You know, even writing about topics like those above in American schools is “Not a good choice.” Why? We’re too darn prudish for our own good, instead burying real life topics–including social justice writing–in the ground, still-born for fear that Imagination, the illegitimate’s seldom-seen in schools father, will hang around and take responsibility for spurring future creative genius.

Judith Beth Cohen once said that she didn’t write because she had answers but because she had questions. I recently had a Twitter exchange with Matthew K. Tabor, where I asked:

Publishing student writing online via school district. If student writes something real and raw, would you publish it anonymously or not? Where is the line drawn? How much can students write about and share via a district web site without negative rctn?

What are your thoughts? Scott Swanson tweeted this stance that I doubt 99% of teachers would follow his lead on (challenge me if you think that’s not true!):

scottswanson: @mguhlin Only if *they* desired anonymity. I stand behind my students and will defend their rights to free speech to my death (or firing)

and Matthew tweeted as well:

  • matthewktabor: @mguhlin what constitutes ‘real and raw?’
  • matthewktabor: @mguhlin oh, ok – sounds interesting. i’m wondering what type of content is being considered, it’s an important issue
  • matthewktabor: @mguhlin maybe there’s a good option for them to do it unrelated to the district? what do you think?
  • matthewktabor: @mguhlin thanks, and good night – interested in the followup on this, very good issue

CBell also jumped in as well with a tweet I missed until now:

  • cbell619: @mguhlin @matthewktabor if teachers are going to incorporate web 2.0 techhnologies in the curriculum, then we have to deal w/raw realities

Are we ready for raw and real in the writing of high school students, and will that writing EVER appear on school district sites? Should it? Why or why not? Will we see in American public schools–or in any classroom–what Clay Burell confesses he wants his students to be:

I want them to become self-directed communicators of whatever their passions and interests are.

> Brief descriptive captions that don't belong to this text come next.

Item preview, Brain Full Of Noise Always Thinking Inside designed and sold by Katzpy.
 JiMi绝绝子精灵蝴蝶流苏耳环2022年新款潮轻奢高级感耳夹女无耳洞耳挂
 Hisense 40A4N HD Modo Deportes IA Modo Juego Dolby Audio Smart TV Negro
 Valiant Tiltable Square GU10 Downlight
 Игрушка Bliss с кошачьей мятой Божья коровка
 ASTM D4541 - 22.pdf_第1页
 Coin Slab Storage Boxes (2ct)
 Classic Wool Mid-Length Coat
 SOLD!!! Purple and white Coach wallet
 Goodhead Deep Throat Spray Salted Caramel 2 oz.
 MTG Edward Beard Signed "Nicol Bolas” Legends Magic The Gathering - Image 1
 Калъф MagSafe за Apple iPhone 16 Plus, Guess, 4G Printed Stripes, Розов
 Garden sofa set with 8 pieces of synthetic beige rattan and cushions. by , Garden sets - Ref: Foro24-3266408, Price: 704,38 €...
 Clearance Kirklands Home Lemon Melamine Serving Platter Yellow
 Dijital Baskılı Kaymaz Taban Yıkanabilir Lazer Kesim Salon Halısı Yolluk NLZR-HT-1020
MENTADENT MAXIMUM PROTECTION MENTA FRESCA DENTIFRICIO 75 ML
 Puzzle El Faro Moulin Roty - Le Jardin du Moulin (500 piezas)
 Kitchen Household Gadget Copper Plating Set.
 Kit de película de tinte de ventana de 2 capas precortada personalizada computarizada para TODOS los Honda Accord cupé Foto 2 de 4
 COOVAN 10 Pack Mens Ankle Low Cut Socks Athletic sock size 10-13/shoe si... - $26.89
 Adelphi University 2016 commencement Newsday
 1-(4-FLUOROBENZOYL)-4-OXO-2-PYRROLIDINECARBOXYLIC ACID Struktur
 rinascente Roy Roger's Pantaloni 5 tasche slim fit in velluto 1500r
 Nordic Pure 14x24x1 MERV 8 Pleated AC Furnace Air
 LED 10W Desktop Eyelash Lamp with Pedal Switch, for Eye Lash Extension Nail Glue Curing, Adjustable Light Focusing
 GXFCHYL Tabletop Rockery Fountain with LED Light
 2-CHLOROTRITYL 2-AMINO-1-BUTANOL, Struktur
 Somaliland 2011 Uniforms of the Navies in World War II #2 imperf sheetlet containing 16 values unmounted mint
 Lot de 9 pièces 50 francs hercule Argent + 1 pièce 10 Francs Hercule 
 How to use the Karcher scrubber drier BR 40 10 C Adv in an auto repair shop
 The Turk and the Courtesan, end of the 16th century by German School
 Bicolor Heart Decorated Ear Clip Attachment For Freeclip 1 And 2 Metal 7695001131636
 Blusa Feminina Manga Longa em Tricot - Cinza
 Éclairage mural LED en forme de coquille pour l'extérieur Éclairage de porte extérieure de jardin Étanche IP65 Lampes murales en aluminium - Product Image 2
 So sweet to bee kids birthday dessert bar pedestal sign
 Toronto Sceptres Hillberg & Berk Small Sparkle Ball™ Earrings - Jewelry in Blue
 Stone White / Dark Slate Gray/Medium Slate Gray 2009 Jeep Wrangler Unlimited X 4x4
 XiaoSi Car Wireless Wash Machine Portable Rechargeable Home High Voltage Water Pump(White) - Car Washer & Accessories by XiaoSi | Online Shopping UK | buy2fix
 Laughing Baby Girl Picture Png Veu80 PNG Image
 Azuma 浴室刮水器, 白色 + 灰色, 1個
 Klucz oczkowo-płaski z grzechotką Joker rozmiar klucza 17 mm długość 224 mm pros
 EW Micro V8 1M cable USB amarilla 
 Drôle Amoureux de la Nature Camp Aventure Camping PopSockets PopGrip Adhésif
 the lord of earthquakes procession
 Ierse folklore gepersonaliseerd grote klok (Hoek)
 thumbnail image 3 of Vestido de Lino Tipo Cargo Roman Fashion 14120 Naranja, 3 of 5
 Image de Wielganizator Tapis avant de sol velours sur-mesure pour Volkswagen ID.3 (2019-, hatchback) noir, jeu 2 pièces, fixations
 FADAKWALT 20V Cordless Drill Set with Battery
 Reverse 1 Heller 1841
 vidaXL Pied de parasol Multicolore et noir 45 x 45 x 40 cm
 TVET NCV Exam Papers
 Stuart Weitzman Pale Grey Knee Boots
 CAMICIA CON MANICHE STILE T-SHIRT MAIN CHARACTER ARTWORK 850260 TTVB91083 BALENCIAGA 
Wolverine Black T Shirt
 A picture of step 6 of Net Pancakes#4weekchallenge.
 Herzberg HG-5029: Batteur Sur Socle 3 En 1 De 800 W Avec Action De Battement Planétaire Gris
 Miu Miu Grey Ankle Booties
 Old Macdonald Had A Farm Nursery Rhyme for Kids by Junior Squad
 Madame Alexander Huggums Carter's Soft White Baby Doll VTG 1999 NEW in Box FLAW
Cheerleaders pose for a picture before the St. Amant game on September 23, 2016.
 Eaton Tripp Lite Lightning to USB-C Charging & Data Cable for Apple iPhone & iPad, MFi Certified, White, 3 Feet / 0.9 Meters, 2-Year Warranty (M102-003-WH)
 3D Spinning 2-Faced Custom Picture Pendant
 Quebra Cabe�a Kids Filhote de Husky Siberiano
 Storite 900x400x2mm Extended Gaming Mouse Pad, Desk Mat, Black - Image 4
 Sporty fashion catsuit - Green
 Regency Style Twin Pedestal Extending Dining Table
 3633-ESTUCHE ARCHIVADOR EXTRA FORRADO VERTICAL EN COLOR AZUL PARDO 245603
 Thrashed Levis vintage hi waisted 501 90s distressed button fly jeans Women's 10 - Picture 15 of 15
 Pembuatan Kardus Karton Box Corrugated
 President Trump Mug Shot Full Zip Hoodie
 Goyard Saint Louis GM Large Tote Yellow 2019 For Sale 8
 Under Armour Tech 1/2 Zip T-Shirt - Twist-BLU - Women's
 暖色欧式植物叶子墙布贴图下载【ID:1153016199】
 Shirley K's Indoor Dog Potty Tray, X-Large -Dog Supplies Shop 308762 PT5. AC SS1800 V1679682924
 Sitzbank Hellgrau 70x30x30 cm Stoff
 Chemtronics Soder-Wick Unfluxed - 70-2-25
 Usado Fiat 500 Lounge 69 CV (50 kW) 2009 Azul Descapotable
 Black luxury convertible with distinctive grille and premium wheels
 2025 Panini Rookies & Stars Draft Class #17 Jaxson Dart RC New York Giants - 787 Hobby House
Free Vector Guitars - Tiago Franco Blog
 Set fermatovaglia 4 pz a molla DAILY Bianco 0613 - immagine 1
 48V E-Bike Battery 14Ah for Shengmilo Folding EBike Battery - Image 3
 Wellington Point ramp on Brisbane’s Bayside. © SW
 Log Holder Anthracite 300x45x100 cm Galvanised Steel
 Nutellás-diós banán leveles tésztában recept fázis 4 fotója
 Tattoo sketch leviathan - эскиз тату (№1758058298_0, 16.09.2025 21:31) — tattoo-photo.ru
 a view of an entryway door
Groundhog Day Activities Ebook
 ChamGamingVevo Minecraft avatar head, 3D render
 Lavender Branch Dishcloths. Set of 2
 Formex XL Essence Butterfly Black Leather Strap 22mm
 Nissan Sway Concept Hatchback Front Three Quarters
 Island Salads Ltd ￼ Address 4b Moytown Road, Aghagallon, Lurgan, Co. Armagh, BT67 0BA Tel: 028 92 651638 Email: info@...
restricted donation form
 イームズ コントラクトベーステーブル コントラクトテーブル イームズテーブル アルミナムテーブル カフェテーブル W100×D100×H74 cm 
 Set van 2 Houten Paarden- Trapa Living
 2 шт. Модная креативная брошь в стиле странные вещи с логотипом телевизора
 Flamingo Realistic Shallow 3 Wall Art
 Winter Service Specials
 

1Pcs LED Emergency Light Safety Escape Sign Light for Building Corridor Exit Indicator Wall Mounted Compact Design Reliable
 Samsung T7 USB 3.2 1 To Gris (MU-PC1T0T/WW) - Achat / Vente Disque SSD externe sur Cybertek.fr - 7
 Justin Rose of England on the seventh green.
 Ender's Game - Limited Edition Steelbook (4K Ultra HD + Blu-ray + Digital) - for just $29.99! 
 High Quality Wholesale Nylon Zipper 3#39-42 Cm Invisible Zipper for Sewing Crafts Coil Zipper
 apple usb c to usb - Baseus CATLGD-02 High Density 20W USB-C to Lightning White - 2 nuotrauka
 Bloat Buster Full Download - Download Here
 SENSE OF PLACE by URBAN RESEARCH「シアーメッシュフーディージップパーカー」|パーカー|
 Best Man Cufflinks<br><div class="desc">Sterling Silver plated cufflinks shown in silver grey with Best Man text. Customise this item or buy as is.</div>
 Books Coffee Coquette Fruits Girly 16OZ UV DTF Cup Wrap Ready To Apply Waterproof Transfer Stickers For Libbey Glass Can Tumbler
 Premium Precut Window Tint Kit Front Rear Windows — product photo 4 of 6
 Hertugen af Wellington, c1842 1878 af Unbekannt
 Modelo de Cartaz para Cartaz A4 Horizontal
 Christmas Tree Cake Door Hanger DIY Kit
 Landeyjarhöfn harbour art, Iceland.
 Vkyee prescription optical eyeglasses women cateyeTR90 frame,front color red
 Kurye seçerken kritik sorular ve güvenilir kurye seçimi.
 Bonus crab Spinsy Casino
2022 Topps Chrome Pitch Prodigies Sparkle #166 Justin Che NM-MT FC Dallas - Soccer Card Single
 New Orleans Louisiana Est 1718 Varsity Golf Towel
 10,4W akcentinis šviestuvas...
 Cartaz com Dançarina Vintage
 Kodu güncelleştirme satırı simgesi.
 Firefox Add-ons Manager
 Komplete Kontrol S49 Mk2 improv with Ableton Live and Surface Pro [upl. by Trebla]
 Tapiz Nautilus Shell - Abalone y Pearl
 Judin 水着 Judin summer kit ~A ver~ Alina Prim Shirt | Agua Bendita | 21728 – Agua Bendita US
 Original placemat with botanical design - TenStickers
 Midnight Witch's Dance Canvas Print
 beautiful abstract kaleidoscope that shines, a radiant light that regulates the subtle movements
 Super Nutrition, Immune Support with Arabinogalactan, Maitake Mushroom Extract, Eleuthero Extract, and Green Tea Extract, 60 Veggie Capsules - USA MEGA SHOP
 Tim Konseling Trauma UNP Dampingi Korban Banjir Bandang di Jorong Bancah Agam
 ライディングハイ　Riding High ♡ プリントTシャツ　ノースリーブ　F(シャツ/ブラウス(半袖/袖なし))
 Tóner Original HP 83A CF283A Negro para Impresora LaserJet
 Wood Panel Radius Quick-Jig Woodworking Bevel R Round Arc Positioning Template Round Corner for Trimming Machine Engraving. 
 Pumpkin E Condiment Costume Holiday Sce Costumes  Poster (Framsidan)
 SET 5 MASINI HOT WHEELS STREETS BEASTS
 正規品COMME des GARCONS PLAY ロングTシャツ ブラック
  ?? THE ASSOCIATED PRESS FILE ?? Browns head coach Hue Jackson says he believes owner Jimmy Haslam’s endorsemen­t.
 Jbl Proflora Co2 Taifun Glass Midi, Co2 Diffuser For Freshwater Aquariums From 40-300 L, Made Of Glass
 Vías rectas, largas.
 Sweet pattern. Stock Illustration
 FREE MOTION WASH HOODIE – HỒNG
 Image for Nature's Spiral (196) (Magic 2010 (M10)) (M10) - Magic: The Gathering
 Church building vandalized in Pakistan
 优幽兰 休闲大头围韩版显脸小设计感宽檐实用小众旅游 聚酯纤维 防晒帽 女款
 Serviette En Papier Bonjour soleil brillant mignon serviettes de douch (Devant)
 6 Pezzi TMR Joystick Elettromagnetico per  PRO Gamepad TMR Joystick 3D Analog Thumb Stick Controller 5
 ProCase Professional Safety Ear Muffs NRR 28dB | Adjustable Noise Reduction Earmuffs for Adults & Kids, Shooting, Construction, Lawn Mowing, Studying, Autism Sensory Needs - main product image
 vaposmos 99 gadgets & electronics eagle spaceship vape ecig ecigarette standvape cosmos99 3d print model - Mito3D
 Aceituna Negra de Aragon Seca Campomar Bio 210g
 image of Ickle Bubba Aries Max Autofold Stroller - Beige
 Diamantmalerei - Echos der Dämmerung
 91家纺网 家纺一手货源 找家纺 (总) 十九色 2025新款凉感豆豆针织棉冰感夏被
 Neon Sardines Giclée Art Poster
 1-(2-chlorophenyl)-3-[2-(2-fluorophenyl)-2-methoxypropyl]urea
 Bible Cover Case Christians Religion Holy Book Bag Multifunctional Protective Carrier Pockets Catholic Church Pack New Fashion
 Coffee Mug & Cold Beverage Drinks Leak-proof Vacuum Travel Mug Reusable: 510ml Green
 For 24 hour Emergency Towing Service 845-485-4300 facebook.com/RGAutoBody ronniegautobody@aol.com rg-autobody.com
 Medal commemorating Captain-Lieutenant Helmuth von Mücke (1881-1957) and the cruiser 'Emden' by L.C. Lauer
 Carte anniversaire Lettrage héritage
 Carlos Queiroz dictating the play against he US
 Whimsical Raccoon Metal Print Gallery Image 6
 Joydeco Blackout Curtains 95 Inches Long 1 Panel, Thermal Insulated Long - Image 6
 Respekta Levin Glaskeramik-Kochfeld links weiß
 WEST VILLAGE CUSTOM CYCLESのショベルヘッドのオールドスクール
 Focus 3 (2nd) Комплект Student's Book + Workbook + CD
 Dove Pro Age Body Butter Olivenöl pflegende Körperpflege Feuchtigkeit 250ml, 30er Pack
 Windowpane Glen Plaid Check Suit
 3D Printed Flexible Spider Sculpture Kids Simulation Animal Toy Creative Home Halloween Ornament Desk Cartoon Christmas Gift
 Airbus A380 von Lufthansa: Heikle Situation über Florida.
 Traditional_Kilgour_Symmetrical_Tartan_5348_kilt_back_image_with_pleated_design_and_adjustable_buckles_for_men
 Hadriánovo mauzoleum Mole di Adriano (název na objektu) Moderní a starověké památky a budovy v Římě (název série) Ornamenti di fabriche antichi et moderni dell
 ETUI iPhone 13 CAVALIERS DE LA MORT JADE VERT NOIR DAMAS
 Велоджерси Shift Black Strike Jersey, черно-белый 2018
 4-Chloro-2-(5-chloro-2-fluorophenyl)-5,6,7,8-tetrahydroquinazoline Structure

We just don’t teach this kind of writing for social justice, we don’t want to, as Jeanne Russell emphatically states, help children become empowered by enabling them to take control of their life story.

Recently someone asked:

For sixth grade writing, what do your teachers use for workbooks/materials? Just looking for some good resources.

One response I strongly agreed with was this one:

It really depends on the writing style, instructional style, etc., but anything New Jersey Writing Project, National Writing Project, or 6 Traits is going in the right direction. Materials from Nancy Atwell is at the top of the list for middle school writers.

The point here, do not use workbooks. Use these resources to build a strong writer’s workshop program. I taught middle school language arts for ten years. I taught every year in 7th grade since the writing test moved there (until I moved into instructional technology last year), and we have had either 98 or 100% pass TAKS writing every single year. It is all in the training via one of those three I listed. It will save you a ton on resources down the road and improve your literacy program overall.

Are these questions the YouthVoices folks are dealing with? Consider this quote:

We want to provide an online community where students who aren’t blogging yet can start and where students who already have blogs can feed their work into our network. We want to make it easy for teachers from around the world to sign their students up in Youth Voices and to begin to use the Youth Voices curriculum and our Drupal site—or a similar one of thier own—in their classrooms.

What answers do you have for school districts that want to publish student writing but then are taken aback by the raw reality of that young adult, engaging and authentic narrative? It’s clear this kind of writing has health benefits, such as those pointed out by the BBC…and if it works for cancer, why not life?

Thoughts and feelings, or the cognitive processing and emotions related to cancer, are key writing elements associated with health benefits, according to previous studies. Writing only about the facts has shown no benefit.

Could one go so far as to say that if you’re writing with passion, inspired by imagination, that passion may one day beget creativity?